Monday, September 27, 2010

my almost first sick day

Y'all.  It is a downright miracle I even made it to work on Friday.  Let me just go ahead and warn you, this post is going to be heavy on words and humor, but low on actual pictures of what happened, except for the ones Google Images will provide to help me narrate. 

Ok, so one of the magazines I absolutely adore is Real SimpleIt's pretty much a guide to everything you ever need to know to make your life more efficient, fun, colorful, etc.  And if it's not in there, you don't need to know it. 


Well, this month, they did a story on a woman who has struggled with anorexia all her life.  She even admitted to being 5'9" and getting down to 110 lbs.  I'm 5'9", and I think I would eat an entire tub of Crisco before I ever made it to 110 lbs.  And she mentioned watching pro-anorexia videos on YouTube, which made my imagination run wild, and there's something you should know about me.  Dramatic health stories involving self-inflicted pain make me pass out.  I'm not even speaking figuratively.  The first (and only) time I ever fainted was in middle school youth group surrounded by metal chairs as some girl talked about her body totally seizing up on her.  Let's just say I didn't go down quietly.  So, even as I sat on the bus reading this woman's horrible story, I began to feel light-headed and clammy, and I was pretty sure someone was going to have to scrape me off the Pentagon sidewalk.  Classy.  I couldn't even move or put my head between my knees because there were people sitting in front of me and beside me, and I valued the fact that I seemed normal to them more than my consciousness.  So, I stumbled off the bus at the Pentagon and sat down on a bench, pretending to rifle through my purse just so I could bend over and get some blood back in my head.  It worked, but of course I made my way down to the Metro station just in time to see my train pull away.  Seven minutes until the next train.  Well done.

So, I prayed to God that I would be able to stand up until the next train came, because the only people who sit on the floor of the Metro station are the catatonic homeless who are smart enough to find air conditioning.  Finally, the train came, and I got crowd-pushed to the back of the car, where there were plenty of occupied seats and very few poles to hold onto.  So, I found the nearest pole and clutched it tightly until some five-foot man with little to no sense of personal space decided my armpit would be a fantastic shelter for his overgrown ponytail.  So, under my arm he stood, as I locked my elbow and willed myself to not run into him everytime the Metro driver hit the brakes.  Let's just say his head didn't clear my ribcage and any kind of contact we made would have scarred me for life. 
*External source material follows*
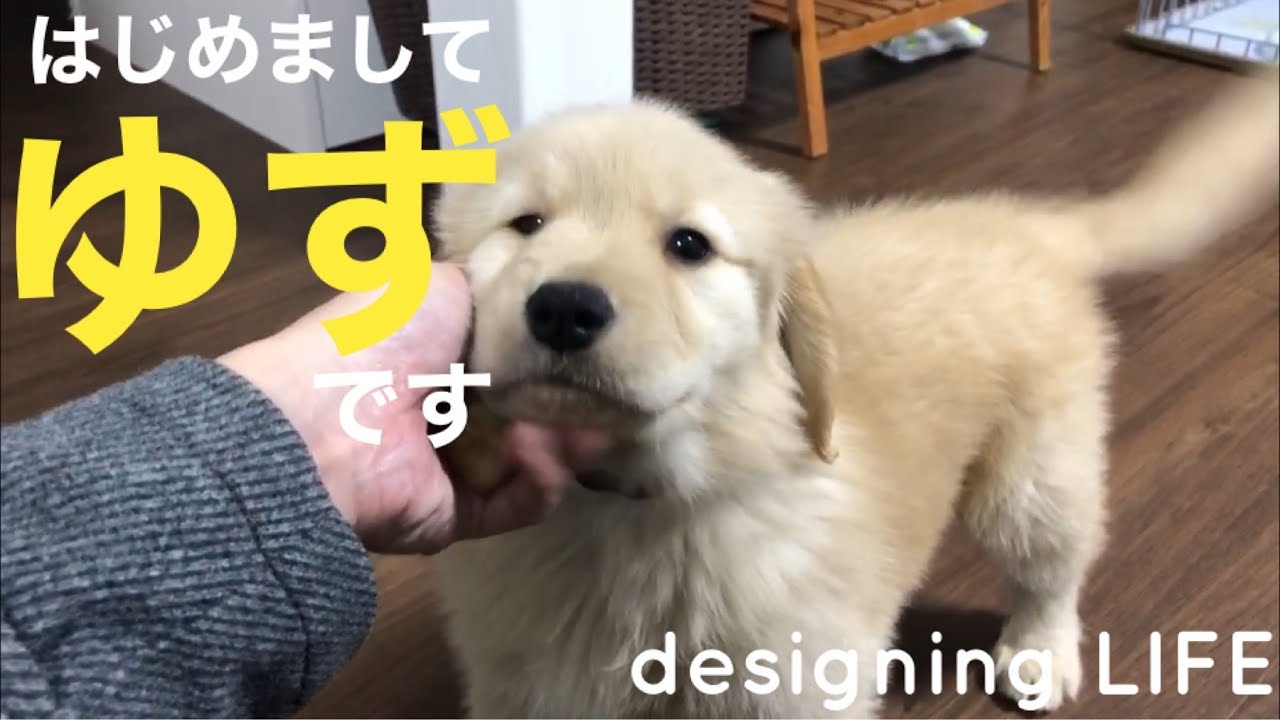 イングリッシュゴールデン・ゆずです。② ゴールデンレトリバーのゆずちゃんがやってきた - YouTube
Not even five seconds after this horrible munchkin entered my life, someone asked me if we were on the Red line train.  Yes sir, that's exactly what that big sign over your head screaming YELLOW means.  The Bill Engvall who lives in my head handed him this...


...but I helped him and made sure he made his transfer to the Red line when he was supposed to.  Fortunately, Shorty McShortington got off at L'Enfant Plaza and I only had to deal with him all the way across the Potomac River (where's that eight-foot shark when you need him?).


While I was changing trains at Chinatown, I believe I could have set up my own concierge business and easily retired in the five minutes I spent helping lost tourists find their way to Metro Center (other platform, sir... you know that one with the big sign that says Shady Grove VIA METRO CENTER?!?  It's not lying to you!) and "Penn Station" (sir, that's in New York City.  You've got a few more hours ahead of you).  To be fair, that guy wanted Union Station and really underestimated how badly I just wanted to crawl into the out-of-order elevator with a sleeping bag and an aromatherapy candle and forget I had to be anywhere.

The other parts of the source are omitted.